Approaches for Getting Households to Connect to Sewerage Networks
Cities and towns in low- and middle-income countries tend to grow rapidly, and they struggle to maximize the number of households provided with safely managed sanitation services, as defined by the Sustainable Development Goals (SDGs). This situation results in negative public health and environmental effects not only in the most vulnerable communities but also across urban agglomerations.
Providing sanitation services helps governments deliver on their commitment to SDG 6.2: achieving access to adequate and equitable sanitation and hygiene for all by 2030. In cities with existing sewerage networks, we often find many households not connected to networks even when they pass in front of their houses. In addition to negative public health and environmental effects, low sewerage connection rates mean that the wastewater treatment plants (WWTPs) to which the sewers should discharge are underutilized. This situation adversely affects the performance of treatment facilities, both from an operational and a financial perspective, reducing plants efficiency and returns on investments.

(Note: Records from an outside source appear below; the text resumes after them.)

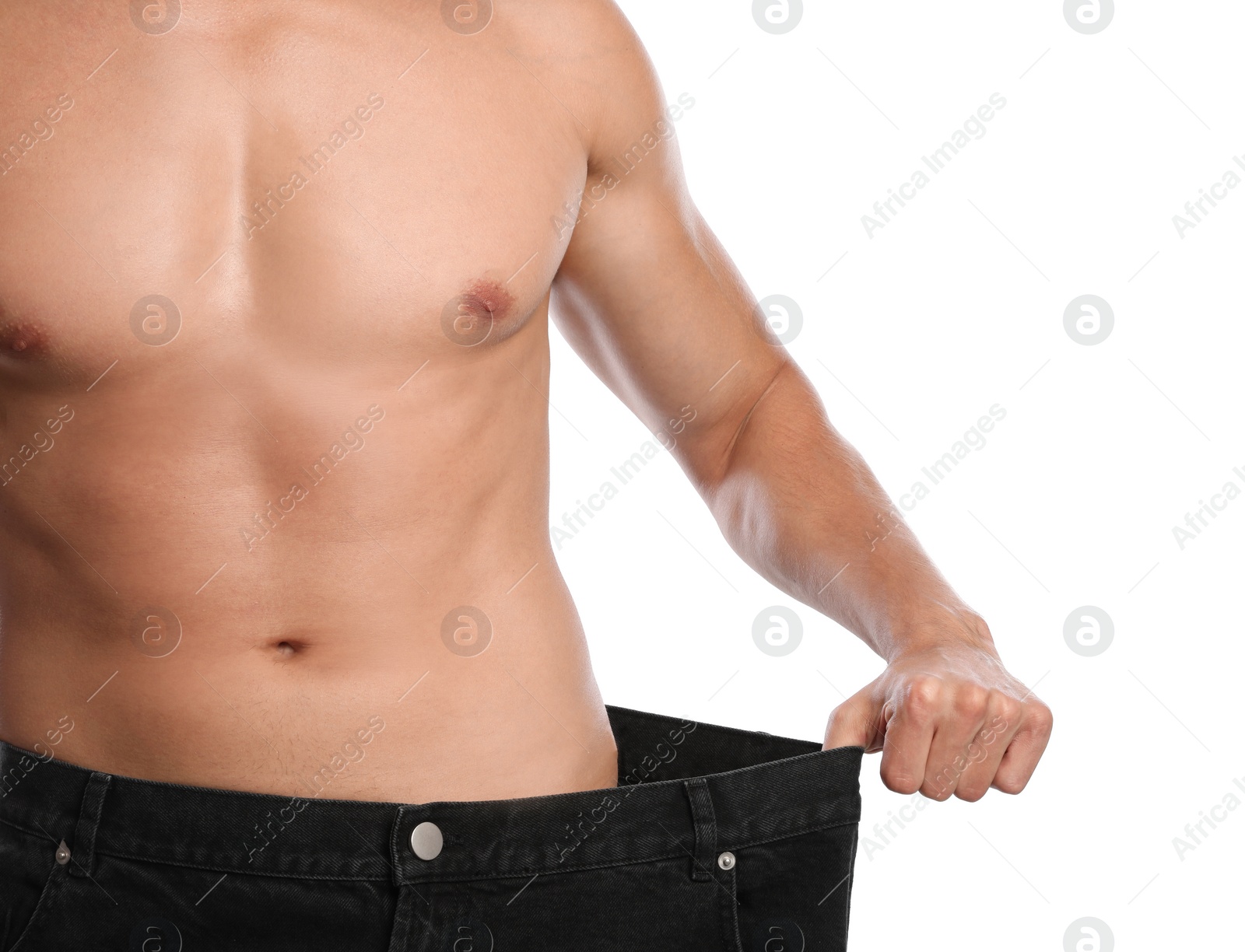 Photo of Young man with slim body in old big size jeans on white background, closeup view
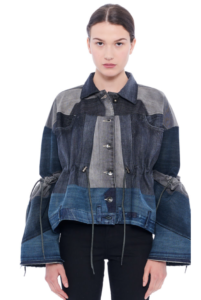 Brunette female model styled in denim shirt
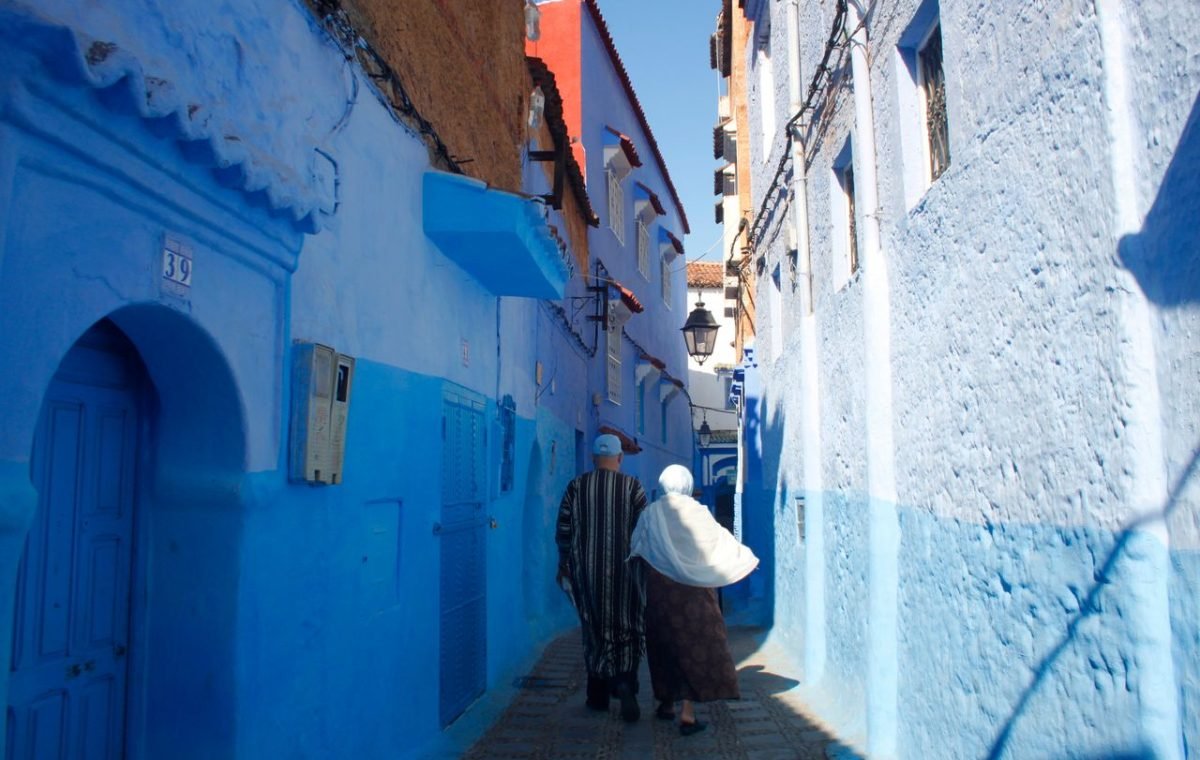 Couple walking through the blue alleys of Chefchaouen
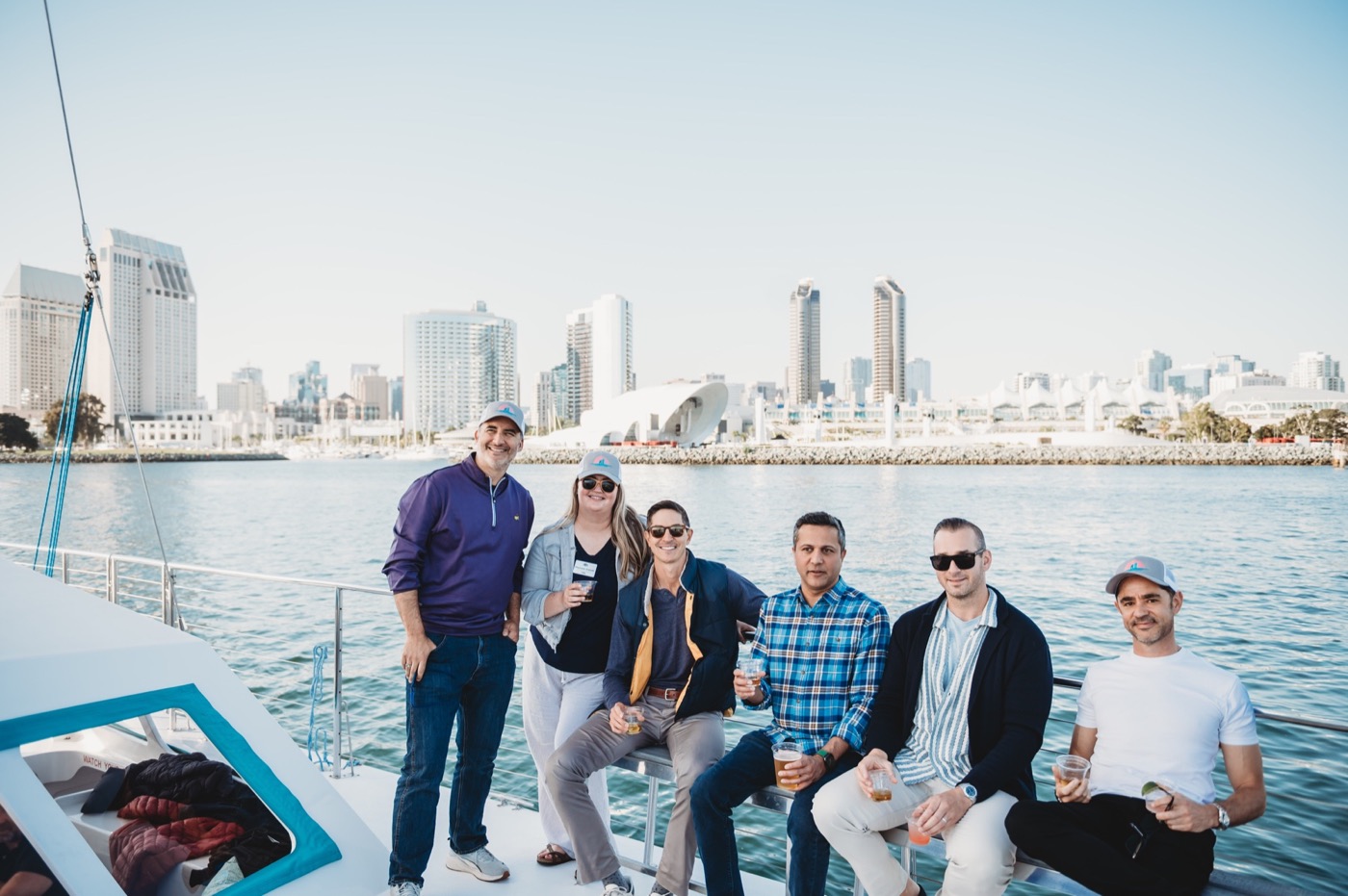 FIRE Summit 2026 attendees aboard the boat with the San Diego skyline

For sanitation service providers, low household connection rates to sewers comes at a great cost, affecting their bottom lines, their financial sustainability, and their operational efficiency and ultimately creating a vicious cycle both financially and operationally because of lower-than-expected revenues.
Several reasons exist as to why households fail to connect to existing networks. Fortunately, successful programs around the world have tackled this challenge and, through a mix of responses, have managed to connect the unconnected.
This guide documents those experiences to help planners, engineers, decision makers, and other stakeholders navigate the process of increasing household connections to sewers. It also incorporates examples of condominial and simplified sewerage programs. The guidance and issues pertain to both conventional and nonconventional sewerage approaches.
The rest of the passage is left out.